My Last World

Hidup adalah penderitaan. Tidak ada waktu untuk bersenang-senang layaknya pemuda biasa. Dinner sama pacar, travelling, sampai pergi ke diskotik. Hidupku menderita di dalam sebuah rumah kecil milik pamanku. Paman yang aku anggap sebagai manusia terkejam di dunia. Sudah satu minggu ini aku berencana membunuhnya.

Kejam. Ya, aku tahu itu kejam. Tapi bandingkan dengan kekejaman paman padaku. Setiap hari aku disiksa. Demi mendapat makan, aku harus rela diinjak-injak, ditampar, sampai dipukul dengan tongkat pramuka. Pernah, aku disuruh makan rumput, di kurung di kamar mandi seharian tanpa diberi makan, dan dipaksa makan makanan basi.

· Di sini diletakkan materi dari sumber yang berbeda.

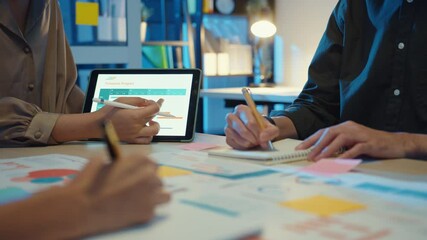 Close-up asia business people meeting plan analysis statistics brainstorm and header of team hold tablet pointing graph chart and employee take note. Finance strategy statistics success concept. - Powered by Adobe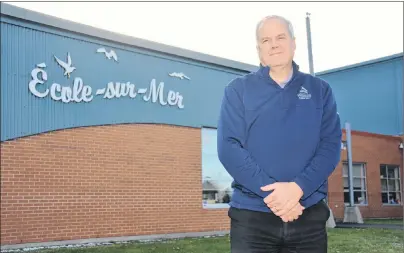  ?? COLIN MACLEAN/JOURNAL PIONEER ?? Daniel Bourgeois, executive director of La Centre Belle-Alliance, outside Summerside’s French language school, École-Sur-Mer. The province has committed $5 million to build facilities at the school so it can add high school grades.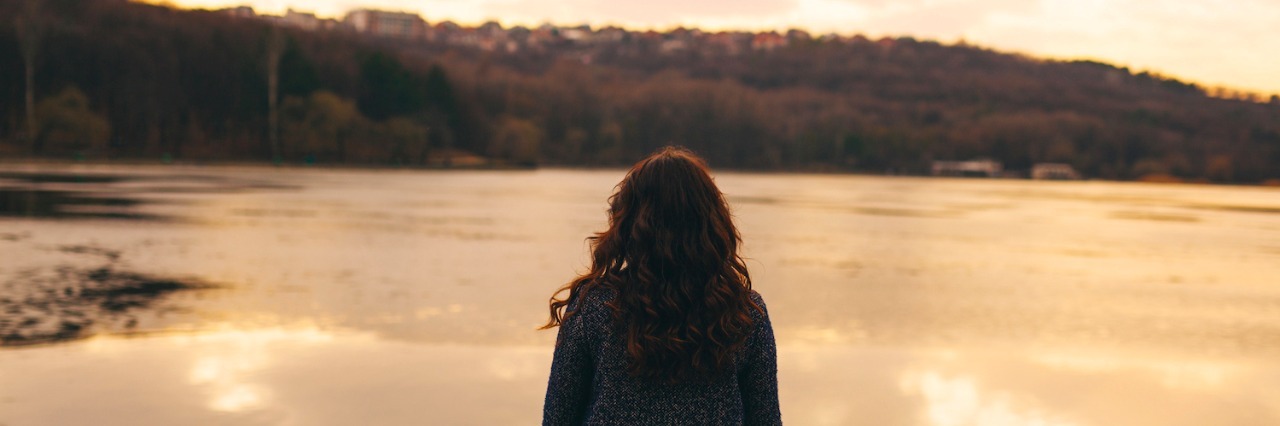 Having an Undiagnosed Seizure Disorder and Waiting for a Diagnosis Woman wearing jacket, standing near lake at sunset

Sekarat, bukanlah hal yang asing bagiku. Sudah berkali-kali aku hampir mati. Dan saat itu terjadi, aku selalu mengharapkan ajal menjemputku, dan penderitaan ini usai. Namun, paman selalu memberiku kehidupan kembali, lantas menyiksaku kembali.

Sudah ratusan kali kata ‘bunuh diri’ terbersit dalam pikiranku. Namun, ketakutan selalu menghantui. Aku tak bisa membayangkan bagaimana rasanya mati di tanganku sendiri. Aku rasa, itu terlalu hina untuk dilakukan. Jika aku bunuh diri, berarti aku kalah dengan penderitaan ini. Lebih baik, kubunuh pamanku dan kuambil kehidupan enaknya.

“Arya…! Kesini!” Paman membentak memanggilku dari ruang depan.

Aku tak keget mendengarnya. Di atas tikar tempat tidurku, aku bangkit, dan beranjak pergi dari kamar penuh barang itu. Kamarku sungguh tak layak untuk disebut kamar manusia. Puluhan barang-barang tak terpakai berserakan di sana. Aku biasa tidur di atas sebuah alas tikar tipis tanpa selimut ataupun bantal. Tak ada meja, kursi, atau perlengkapan pribadi. Jika malam tiba, nuansa kamar itu horor sekali.

Aku keluar dari kamar, berjalan ke ruang depan hendak menemui paman dan melayani apa yang ia butuhkan kali ini.

“Lama sekali jalanmu! SINI! Pijat badanku!” Paman menyentakku.

Diriku masih berdiri di depannya. Hatiku benar-benar berontak ingin melenyapkannya. Otakku berkalut menyimpan dendam yang begitu dalam kepada orang yang duduk di atas sofa di depanku itu.

“Hei! CEPAT! Malah DIAM! Cepat! Atau kau tak makan malam ini.”

Dengan segera, aku mendekat. Paman memposisikan dirinya, tidur dengan posisi tengkurap di atas sofa. Aku segera memijat tubuhnya yang gemuk. Dalam hati, aku ingin memukul tubuh itu. Namun, aku tak ingin melakukan kasalahan fatal. Otakku berpikir merancang rencana pembunuhan.

“Mijat yang BENAR!” Paman berteriak sambil mendongakan wajahnya.

Paman memegang rambutmu dan menariknya. Aku pasrah. Kepalaku tertarik mendekati wajah paman. Mata pamanku menatap lekat mataku. Kebencian mamancar dari mata menakutkan itu. Merah dan kering.

Aku mengangguk ketakutan. Paman lantas melepas rambutku. Aku kembali memijat tubuh paman dengan serius. Aku sudah mengira, malam ini aku tak makan lagi.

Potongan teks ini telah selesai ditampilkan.